Shops shut shut down during the demo day

Protesters march along Kamuzu Highway in Blantyre, Malawi, April 27, 2018.

Shop owners in Lilongwe were advised not to open their shops by community police on fears that the demonstrations would degenerate to chaos.

A Malawian businessman of Asian descent who is into electronics and furniture business in Lilongwe’s Area 2 but refused to be named said he makes up to K1 million in a day, said he was greatly affected.

The same was shared among his colleagues who spoke to Nyasa Times but were conservative to be named for their “security.”

Business also came to a standstill in Malawi’s commercial capital Friday, with the city’s main road almost deserted and many shops and businesses temporarily closed, as hundreds of people marched against corruption and bad governance.

A small medium enterprise businesswoman who plies her trade in Limbe, Juliet Nsona, expressed similar sentiments.

“I am cash-strapped right now because just last week we paid school fees for our children. We are trying to pick up, and then the demonstrations come up. They have really affected us financially,” said Nsona.

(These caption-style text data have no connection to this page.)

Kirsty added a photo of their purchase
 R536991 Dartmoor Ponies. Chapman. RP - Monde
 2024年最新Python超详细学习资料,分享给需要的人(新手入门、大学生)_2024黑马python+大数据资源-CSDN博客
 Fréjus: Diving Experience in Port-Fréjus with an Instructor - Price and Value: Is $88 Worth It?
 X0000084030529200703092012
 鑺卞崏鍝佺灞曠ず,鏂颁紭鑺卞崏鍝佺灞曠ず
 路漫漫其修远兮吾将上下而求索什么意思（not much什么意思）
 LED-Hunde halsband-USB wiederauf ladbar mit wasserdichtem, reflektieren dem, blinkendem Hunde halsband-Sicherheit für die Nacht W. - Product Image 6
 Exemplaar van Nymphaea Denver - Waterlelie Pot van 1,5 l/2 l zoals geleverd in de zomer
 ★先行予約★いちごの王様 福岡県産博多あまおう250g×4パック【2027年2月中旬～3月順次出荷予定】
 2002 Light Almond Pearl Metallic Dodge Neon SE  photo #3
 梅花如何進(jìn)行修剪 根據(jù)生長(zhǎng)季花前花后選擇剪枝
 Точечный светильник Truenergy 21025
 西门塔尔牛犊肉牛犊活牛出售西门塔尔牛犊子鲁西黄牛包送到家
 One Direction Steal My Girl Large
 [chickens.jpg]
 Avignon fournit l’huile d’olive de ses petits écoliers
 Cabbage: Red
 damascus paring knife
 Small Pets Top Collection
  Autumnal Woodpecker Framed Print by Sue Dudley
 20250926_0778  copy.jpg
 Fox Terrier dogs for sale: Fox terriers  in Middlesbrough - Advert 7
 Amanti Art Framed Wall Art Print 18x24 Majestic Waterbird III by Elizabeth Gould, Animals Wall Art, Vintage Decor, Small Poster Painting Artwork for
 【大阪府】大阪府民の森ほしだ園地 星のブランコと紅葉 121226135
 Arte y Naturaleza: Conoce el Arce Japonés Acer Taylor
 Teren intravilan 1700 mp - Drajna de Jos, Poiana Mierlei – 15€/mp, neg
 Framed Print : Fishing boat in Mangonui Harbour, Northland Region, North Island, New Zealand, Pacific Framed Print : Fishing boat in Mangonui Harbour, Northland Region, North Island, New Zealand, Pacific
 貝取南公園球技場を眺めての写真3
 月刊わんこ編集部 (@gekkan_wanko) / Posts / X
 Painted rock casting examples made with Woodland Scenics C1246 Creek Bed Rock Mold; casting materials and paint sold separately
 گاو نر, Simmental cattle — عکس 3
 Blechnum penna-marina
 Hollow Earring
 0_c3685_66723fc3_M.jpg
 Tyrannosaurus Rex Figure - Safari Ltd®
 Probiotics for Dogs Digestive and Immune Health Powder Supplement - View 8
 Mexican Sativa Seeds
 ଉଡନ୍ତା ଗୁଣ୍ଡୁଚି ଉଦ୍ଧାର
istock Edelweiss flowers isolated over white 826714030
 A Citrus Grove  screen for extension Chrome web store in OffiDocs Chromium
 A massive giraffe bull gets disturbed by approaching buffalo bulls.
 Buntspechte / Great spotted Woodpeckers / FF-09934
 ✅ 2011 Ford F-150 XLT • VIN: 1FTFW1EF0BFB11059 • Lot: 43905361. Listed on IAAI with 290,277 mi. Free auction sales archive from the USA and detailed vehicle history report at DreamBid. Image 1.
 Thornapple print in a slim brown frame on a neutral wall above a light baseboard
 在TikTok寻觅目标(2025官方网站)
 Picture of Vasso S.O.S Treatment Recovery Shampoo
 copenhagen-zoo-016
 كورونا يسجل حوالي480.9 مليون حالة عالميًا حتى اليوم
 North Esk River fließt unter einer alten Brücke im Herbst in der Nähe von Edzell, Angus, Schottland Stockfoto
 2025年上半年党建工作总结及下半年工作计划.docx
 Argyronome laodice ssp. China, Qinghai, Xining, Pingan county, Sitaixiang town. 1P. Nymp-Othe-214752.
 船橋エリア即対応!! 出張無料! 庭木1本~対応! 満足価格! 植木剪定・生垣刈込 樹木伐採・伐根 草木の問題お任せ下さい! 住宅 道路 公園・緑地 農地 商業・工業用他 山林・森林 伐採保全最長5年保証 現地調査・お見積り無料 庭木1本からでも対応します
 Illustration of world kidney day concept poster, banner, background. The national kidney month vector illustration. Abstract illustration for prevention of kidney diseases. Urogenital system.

In the Eastern city of Zomba the situation was the same, business at standstill.

The nationwide march  was peaceful, despite fears of a repeat of the 2011 anti-government demonstration in which 20 protesters were shot dead.

Malawi Economic Justice Network (MEJN) executive director, Dalitso Kubalasa, while sympathising with the businesspeople also commended the CSOs for holding peaceful protests.

“It is really a pity that business has been lost but we should also be thankful for what has been displayed today. It shows that in the future demonstrations it will be possible for business to go on as usual,” said Kubalasa.

In a petition entitled “Time to Reclaim Our Destiny,” organizers demanded that President Peter Mutharika reverse his appointment of Rodney Jose as the acting inspector general of police. Jose was implicated in the murder of university student Robert Chasowa in 2011.

The protesters also demanded the government end ongoing power outages, stop attacks on albinos, and change the electoral system to elect the president by simple majority vote.

Activists have given the president 90 days to address their concerns.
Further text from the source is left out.